Безусловно, эта критика — чистая технология, однако почему бы не выработать стандарты публикации электоральных опросов, что, во-первых, упростит работу журналистов, которые зачастую сравнивают несравнимые показатели в своих текстах, называя все «рейтингом»; а во-вторых, защитит исследователей от подобных нападок. Стандартизация обнародования данных электоральных опросов (вплоть до массивов анкет) и коллективная «работа над ошибками» — это не фантастика, как может показаться на первый взгляд. Российский проект «Открытое мнение«, объединивший как независимых исследователей, так и сотрудников ведущих поллстерских организаций России, продемонстрировал это. Участниками инициативы был разработан «Стандарт раскрытия данных электоральных опросов« и проведен коллективный анализ причин неверного прогнозирования результатов выборов мэра Москвы. Массивы и методические материалы предвыборных опросов передали для совместного анализа такие известные организации, как ФОМ, Левада-центр, ВЦИОМ, Синовейт-Комкон, а по результатам проведенной методической работы был опубликован экспертный отчет о возможных причинах ошибки. Отмечу, что подобная открытость и совместная аналитическая работа сразу же снимает примитивные, но распространенные стереотипы о том, что «никто ничего не исследует, а цифры пишут в Администрации Президента/Кабмине/партийном офисе» — ведь свои данные и методики передали и, условно, «провластные», и «оппозиционные» социологи. Очевидно, что никакое законодательное регулирование социологам не нужно, вопрос — в доверии друг к другу и желании кооперироваться. Кроме того, подобное раскрытие данных и методов лишают недобросовестных критиков инструментов для дискредитации результатов — смотрите, анализируйте, делайте экспертизу. Снова обратимся к тексту о «неправильных опросах«, в котором, в частности, критикуется метод сбора данных, использованный ГФК:
«Провідні соціологи, з якими я консультувався, переконані, що застосування методу автоматизованого телефонного опитування за випадковою вибіркою із дзвінками на мобільні телефони призводить до суттєвої деформації вибірки, вона перестає бути репрезентативною і не може слугувати в якості якихось орієнтирів визначення, у тому числі президентських рейтингів».
Во-первых, я думаю, что автор этого фрагмента прекрасно знает, что телефонные опросы успешно используются для электоральных опросов.

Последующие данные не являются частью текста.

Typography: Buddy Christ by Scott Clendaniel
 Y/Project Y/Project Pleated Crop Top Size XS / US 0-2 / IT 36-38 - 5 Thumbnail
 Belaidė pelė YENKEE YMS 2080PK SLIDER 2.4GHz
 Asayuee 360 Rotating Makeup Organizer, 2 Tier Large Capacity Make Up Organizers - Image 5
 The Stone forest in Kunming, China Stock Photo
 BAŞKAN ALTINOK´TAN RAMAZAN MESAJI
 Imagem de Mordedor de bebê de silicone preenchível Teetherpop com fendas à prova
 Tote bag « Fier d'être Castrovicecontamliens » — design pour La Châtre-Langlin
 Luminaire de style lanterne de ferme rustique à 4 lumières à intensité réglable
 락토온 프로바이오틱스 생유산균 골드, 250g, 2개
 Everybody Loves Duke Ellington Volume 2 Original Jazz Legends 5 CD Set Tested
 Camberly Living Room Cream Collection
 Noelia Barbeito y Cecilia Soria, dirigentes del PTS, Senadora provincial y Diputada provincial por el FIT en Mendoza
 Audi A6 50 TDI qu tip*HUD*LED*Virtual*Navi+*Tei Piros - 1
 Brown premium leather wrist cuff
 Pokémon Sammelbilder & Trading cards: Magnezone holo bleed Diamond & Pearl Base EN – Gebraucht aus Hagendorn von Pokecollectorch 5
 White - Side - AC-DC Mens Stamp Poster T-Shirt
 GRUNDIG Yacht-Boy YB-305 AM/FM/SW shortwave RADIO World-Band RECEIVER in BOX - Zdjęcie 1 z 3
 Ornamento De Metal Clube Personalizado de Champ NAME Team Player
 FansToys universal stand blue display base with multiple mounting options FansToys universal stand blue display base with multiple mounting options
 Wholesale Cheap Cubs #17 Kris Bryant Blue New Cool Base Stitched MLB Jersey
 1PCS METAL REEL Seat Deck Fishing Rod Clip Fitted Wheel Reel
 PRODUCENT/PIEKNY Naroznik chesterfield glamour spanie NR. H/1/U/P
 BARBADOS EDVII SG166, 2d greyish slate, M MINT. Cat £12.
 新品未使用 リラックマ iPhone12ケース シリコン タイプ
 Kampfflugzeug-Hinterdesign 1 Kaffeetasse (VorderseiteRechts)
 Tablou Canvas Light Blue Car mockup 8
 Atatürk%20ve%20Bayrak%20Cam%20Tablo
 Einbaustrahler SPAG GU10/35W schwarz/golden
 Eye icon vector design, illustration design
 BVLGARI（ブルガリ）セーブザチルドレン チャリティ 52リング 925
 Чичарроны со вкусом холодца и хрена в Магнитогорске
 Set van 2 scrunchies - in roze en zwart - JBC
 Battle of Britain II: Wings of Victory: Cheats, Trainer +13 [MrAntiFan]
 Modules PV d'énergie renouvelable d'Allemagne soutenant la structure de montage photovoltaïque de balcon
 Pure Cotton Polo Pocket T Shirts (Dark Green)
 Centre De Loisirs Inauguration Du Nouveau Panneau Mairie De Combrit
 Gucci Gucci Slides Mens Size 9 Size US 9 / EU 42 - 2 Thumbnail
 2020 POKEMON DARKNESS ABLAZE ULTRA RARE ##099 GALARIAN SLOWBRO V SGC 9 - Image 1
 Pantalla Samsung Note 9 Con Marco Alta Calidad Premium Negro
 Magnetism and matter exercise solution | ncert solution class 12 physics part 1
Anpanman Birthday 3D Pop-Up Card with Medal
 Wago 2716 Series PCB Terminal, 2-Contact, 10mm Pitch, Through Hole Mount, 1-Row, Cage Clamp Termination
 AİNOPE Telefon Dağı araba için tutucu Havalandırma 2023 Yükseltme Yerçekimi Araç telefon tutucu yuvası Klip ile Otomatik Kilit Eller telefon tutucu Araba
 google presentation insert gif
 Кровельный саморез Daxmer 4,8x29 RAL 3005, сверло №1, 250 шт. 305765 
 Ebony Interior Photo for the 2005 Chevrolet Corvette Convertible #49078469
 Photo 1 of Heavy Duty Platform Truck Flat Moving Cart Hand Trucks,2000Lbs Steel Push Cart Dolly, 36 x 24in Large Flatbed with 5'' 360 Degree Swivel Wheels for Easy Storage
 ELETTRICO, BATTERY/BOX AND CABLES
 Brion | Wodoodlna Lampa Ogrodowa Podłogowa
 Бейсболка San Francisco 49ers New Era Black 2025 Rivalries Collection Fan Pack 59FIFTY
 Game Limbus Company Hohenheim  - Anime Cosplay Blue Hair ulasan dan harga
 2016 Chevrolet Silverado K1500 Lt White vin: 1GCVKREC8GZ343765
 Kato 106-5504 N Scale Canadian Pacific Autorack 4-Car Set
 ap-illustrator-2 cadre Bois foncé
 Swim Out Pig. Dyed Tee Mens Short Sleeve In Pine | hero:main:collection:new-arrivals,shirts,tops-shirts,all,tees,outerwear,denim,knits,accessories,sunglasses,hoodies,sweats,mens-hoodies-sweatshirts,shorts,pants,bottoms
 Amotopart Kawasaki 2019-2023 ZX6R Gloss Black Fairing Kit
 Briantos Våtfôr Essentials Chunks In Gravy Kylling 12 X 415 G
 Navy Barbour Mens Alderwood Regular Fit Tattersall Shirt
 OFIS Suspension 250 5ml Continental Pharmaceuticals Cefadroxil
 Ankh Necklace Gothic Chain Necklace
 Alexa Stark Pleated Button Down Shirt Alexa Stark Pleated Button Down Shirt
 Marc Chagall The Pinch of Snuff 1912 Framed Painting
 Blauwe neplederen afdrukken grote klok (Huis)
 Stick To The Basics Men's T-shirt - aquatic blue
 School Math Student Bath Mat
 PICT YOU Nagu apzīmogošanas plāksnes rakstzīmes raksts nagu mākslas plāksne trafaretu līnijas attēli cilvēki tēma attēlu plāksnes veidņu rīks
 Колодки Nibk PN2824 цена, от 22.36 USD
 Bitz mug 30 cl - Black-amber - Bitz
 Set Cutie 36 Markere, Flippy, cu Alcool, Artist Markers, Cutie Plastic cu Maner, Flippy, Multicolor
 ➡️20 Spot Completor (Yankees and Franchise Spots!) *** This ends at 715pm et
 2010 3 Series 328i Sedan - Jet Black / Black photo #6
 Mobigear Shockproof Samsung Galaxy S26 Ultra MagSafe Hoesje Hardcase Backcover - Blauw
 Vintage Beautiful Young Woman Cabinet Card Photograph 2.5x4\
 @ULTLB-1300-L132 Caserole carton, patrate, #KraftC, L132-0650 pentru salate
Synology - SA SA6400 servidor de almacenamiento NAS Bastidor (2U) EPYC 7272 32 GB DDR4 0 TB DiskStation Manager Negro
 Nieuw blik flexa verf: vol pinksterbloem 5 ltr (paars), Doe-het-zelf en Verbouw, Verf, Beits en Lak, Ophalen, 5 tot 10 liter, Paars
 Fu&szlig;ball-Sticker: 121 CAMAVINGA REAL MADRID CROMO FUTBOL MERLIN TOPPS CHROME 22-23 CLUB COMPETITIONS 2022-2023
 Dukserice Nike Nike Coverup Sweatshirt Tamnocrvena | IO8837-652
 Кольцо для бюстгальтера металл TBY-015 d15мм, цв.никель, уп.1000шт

Более того, ряд работ ученых из США и России показывают, что опросы именно по мобильным имеют некоторые организационные и методические преимущества перед, так называемым dual-frame, когда используются и мобильные, и стационарные номера (например, это такие публикации как 1) RDD Telephone Surveys Toward a Single-Frame Cell-Phone Design. Andy Peytchev and Benjamin Neely, Public Opinion Quarterly, 2013 Volume 77, Issue 1; 2) Методическое представление общероссийского опроса по мобильным телефонам, или процедуры оценки качества выборочного исследования на примере опроса трудоспособного населения России. (Т.Э. Османов, Д.М. Рогозин. Мониторинг общественного мнения: экономические и социальные перемены. 2013. № 2). Но важнее в этом фрагменте другое: кто-то смог дать свою экспертную оценку, основываясь на минимуме информации — что это был опрос по мобильным телефонам. Точка. Мы, как и «анонимные рецензенты«, не знаем, как строилась выборка, как проходил полевой этап, какой response rate исследования, — в общем, не знаем ничего, но это не мешает собеседникам Жданова сделать вывод, что опрос «деформирован». Он может быть «деформирован» — при проведении опроса по мобильным, действительно нужно решить ряд непростых методических проблем, а может быть «не деформирован«, но ставить «диагноз по фото» вряд ли возможно. Очевидно, что без раскрытия полной методической информации обсуждение «правилен ли такой опрос или нет» превращается в известный из классики диалог:
«Вишь ты», — сказал один другому. — «Вон какое колесо! Что ты думаешь, доедет то колесо, если б случилось, в Москву, или не доедет?»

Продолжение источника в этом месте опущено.